Here's an anecdote for you: our industry is going cloud cloud cloud right now
and I am pushing it internally. Enthusiasm among management for test projects
is high -- I'm presenting one today, actually.

(I rewrote an internal app on the App Engine. It took two days for a
prototype, will take two more for getting it production-ready, total cost and
schedule less than 10% of when we had more senior, more talented engineers
implement the version we are actually using.)

So in this process of "Hey, we don't have to actually host hardware here!"
evangelism I actually tried to get a purchase order for Slicehost approved for
a different project, where I said something to the effect of "It is going to
cost us X,000 yen when I'm in development, and X0,000 yen when we move it to
production, and Y0,000 yen if this app gets really popular internally."

This purchasing request broke my manager.

He told me that he'd rather get a request for ten times the highest price I
quoted, than try to figure out how he was supposed to incorporate conditional
logic into his budget and reporting forecasts for this quarter.

Are you sure you don't want to be selling my manager the low-cognitive-pain,
easy-to-buy, ten-times-more-expensive version?

$0.35 per 1000 points - first 50,000 points sent

Boom, you just broke my manager. Not only are you requiring forecasting and
conditional logic from him, you're requiring math.

Small Business: $20

Web Application: $100

Enterprise : Call Us

There, now we have an unbroken manager. I ask for $100 a month (not because we
need it but because my manager won't approve the Small Business so I won't
bother asking), he asks "Are you sure we aren't Enterprise?", I say "Yeah, I
did the math", he says "OK, approved."

[Edited to add:

Incidentally, in my own business I'm a stats junkie. There are currently three
types of tracking scripts on my pages, plus my rolled-my-own bits, and you
very well might be #4.

That said: I pay $19 a month for CrazyEgg, which has given me some very
valuable insights into user behavior in the past, so valuable that I continue
paying for it on a monthly basis despite not actually using it in most given
months.

At the moment, for example, I think I have no experiments actually running.
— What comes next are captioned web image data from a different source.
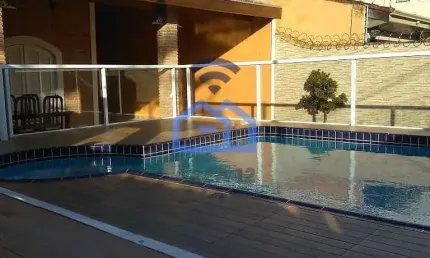 Casa com edícula à venda no bairro da martim de sá em caraguatatuba, sp - com piscina e área gourme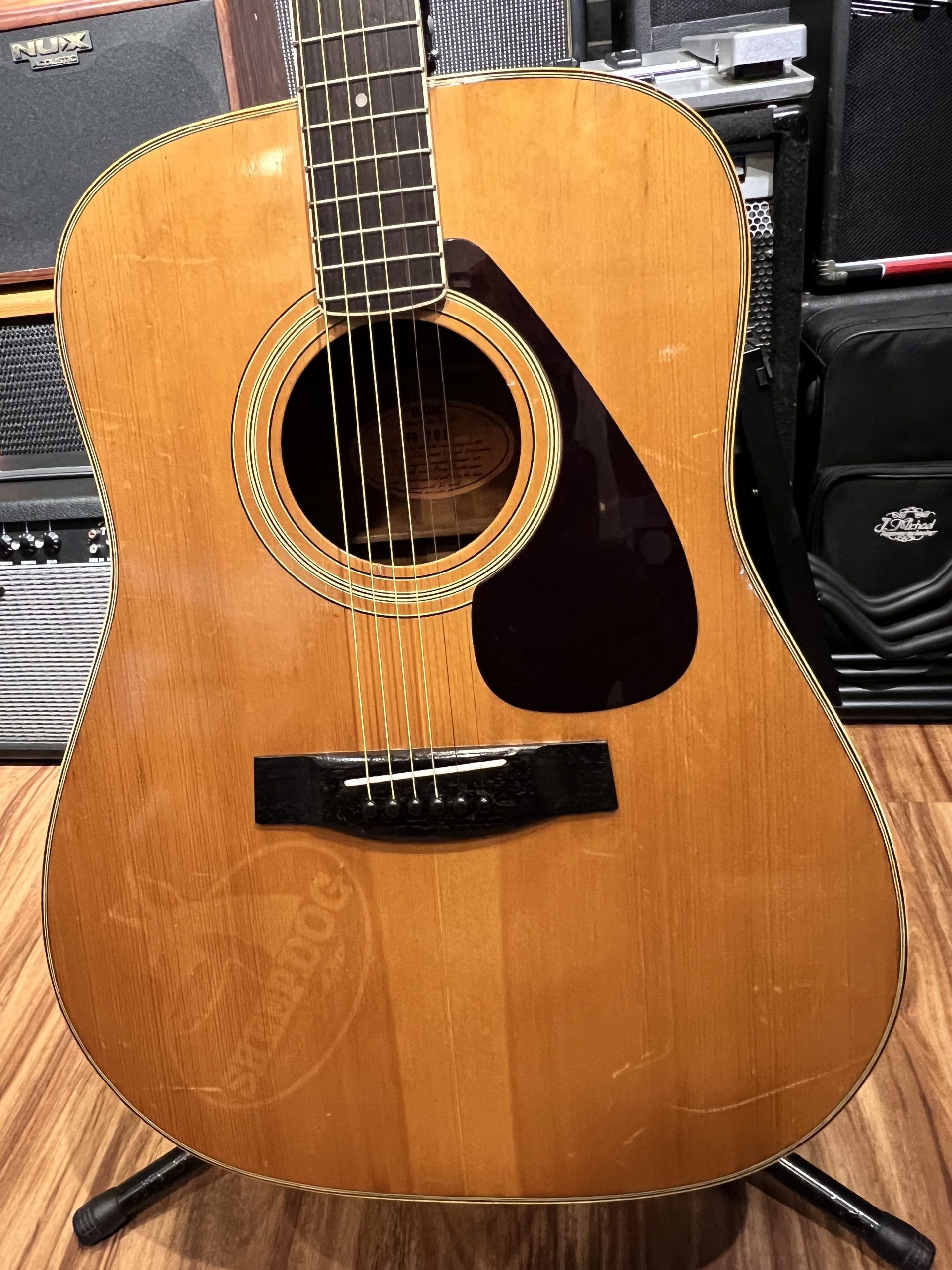 YAMAHA FG 201 JAPAN ACOUSTIC GUITAR - Image 2
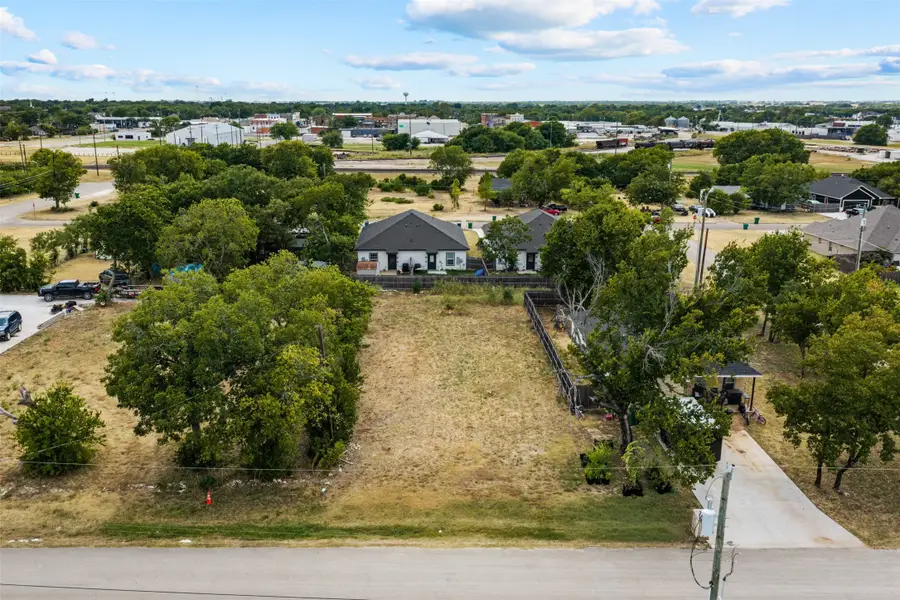 205 Garfield Street, McGregor, TX 76657 - #3
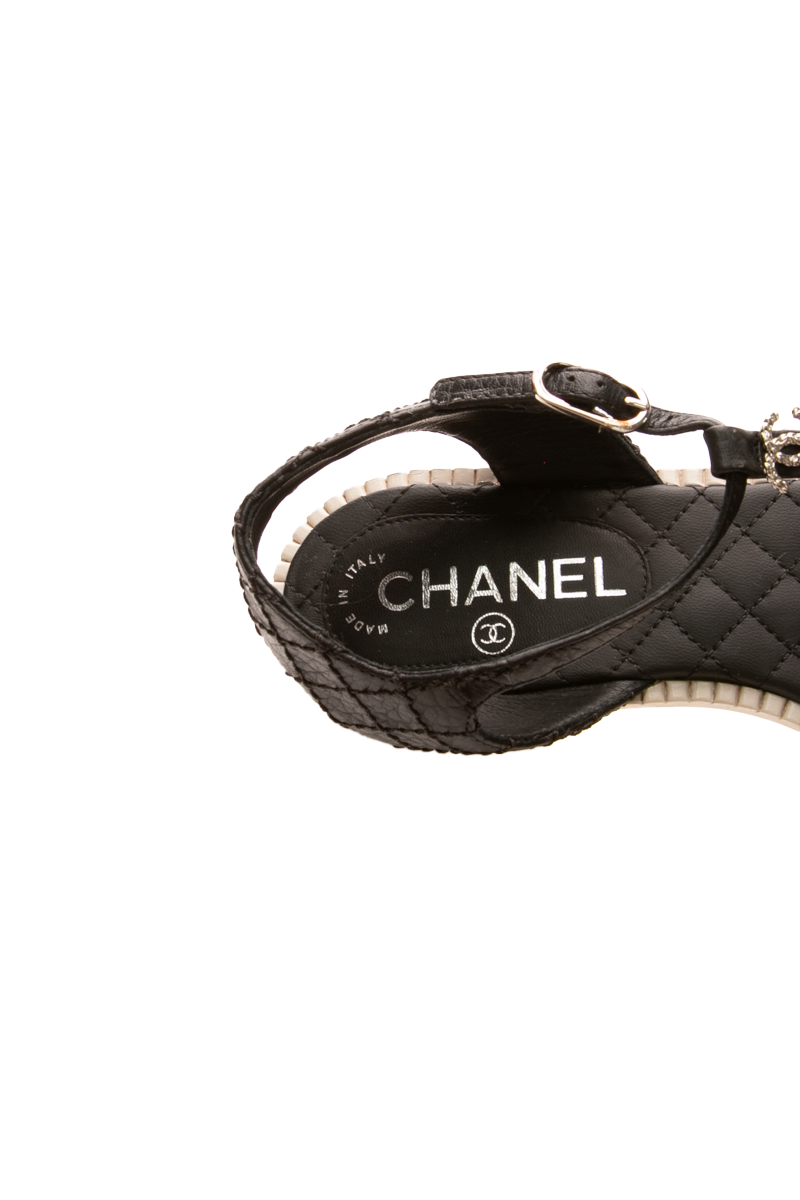 Interlocking CC Thong Sandals - Size 38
Now, hypothetically if I were already using MixPanel and savoring that time
you made me a thousand dollars by increasing my conversion rate, but didn't
currently have an experiment running, you might not be making money from me.
That is sort of suboptimal for you, isn't it? I'm willing to pay you _for
nothing_ if you have previously delivered wins to me and if I think I might
get another win at an unspecified point in the future. This dynamic has earned
CrazyEgg about $250 of free money from me. Do you want free money? ;) ]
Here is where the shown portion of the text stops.